In its July supply and demand report, the USDA lowered its estimate for 2015 ending corn and soybeans by a combined 175 million bushels, sending futures prices for both commodities higher. It’s just the latest shift in what has been a historically volatile market.
Coming into the year, expectations for corn, soybean and wheat markets were bearish following 2014’s bumper crop, and all signs pointing to another year of high yields. Wet weather throughout the spring and early summer, along with a range of other factors, has changed that outlook. In fact, the May-June period was one of the most volatile in the history of all three markets.
We need look no further than the last week of June, when corn and soybeans twice broke records for the most combined futures and options contracts traded in a single day. The Chicago Soft Red Winter Wheat record for combined futures and options was broken once, on June 26. Corn and Wheat futures have traded since 1877, soybeans since 1936.
In that long history, we have seen plenty of volatile markets, and certainly plenty of rainy seasons. What makes this one unique?

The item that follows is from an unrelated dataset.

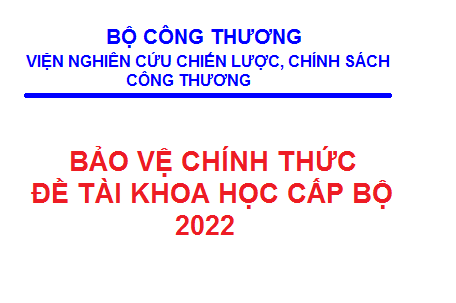 Nghiệm thu đề tài khoa học “Nghiên cứu, đề xuất cơ chế chính sách và giải pháp thúc đẩy chuyển dịch cơ cấu nội ngành cơ khí chế tạo theo hướng nâng cao giá trị gia tăng”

For one thing, record-breaking rainfall has hit crops across an unusually wide stretch of the country’s grain producing regions. That served as a likely catalyst for widely held expectations changing drastically and quickly. Funds who held positions in corn, soybeans or wheat were almost universally short those markets. When it became clear that rains across the plains and cornbelt were having a real effect on crop conditions — delaying planting or washing out acres of corn and soybeans, and damaging wheat crops ready for harvest — participants exited their short positions in a big way. The latest crop moisture index from the National Oceanic and Atmospheric Administration shows normal to wet conditions across nearly all of the primary wheat, corn and soybean producing states.
Steve Freed, Vice President of Research at ADM Investor Services told us he believes it was not only a move from short to long positions that brought on the late June volume records.

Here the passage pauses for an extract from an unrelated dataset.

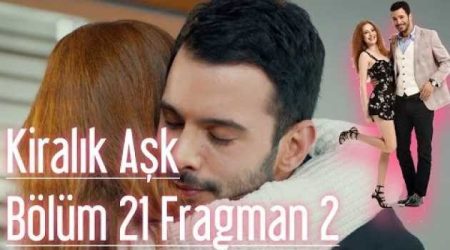 Kiralık Aşk 21. Bölüm 2. Fragmanı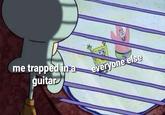 me trapped inra guitar everyone else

“Farmers in U.S. and South America were very active sellers of old crop supplies. I think that added to the volume,” he says. “There was a big change in ownership from the fund short to the commerical short, and it was pretty dramatic in a short period of time.”
There are other factors besides weather at work, as Freed’s statement implies. Today’s grain markets are more sensitive to global events and movements in other commodity and financial markets. Countries across the globe count on imports of U.S. grain. But when price and supply are more favorable in Brazil, for example, the effects are felt on U.S. markets. Everything from Brazilian weather to Chinese stock markets will impact corn, wheat and soybeans here. A strengthening of the U.S. dollar recently suggests a possible impact on U.S. exports. Not all of these markers are telling market participants the same thing. Some amount of all of these things has led to uncertainty, which leads to volatility.
“You’ve got some very smart analysts looking for higher prices because the crops are going to get smaller here, and you’ve got just as smart analysts thinking ‘OK, we’ve traded all that, it’s time to go lower as long as weather doesn’t get worse,” says Freed.
With a market affected by so many economic ripples elsewhere, uncertainty seems likely to stay. However, Freed says weather remains the first factor to watch. “Every day is different, but the number one thing participants normally trade is weather.”
Dan Basse of AgResource Co. also tells us after the recent rains and USDA reports, weather will tell the story of of where grain and oilseed markets go next.
“Unless there are additional weather problems, you’ll see the money that came into the market long leave the market. We need additional crop losses to maintain the bullish trend,” he says.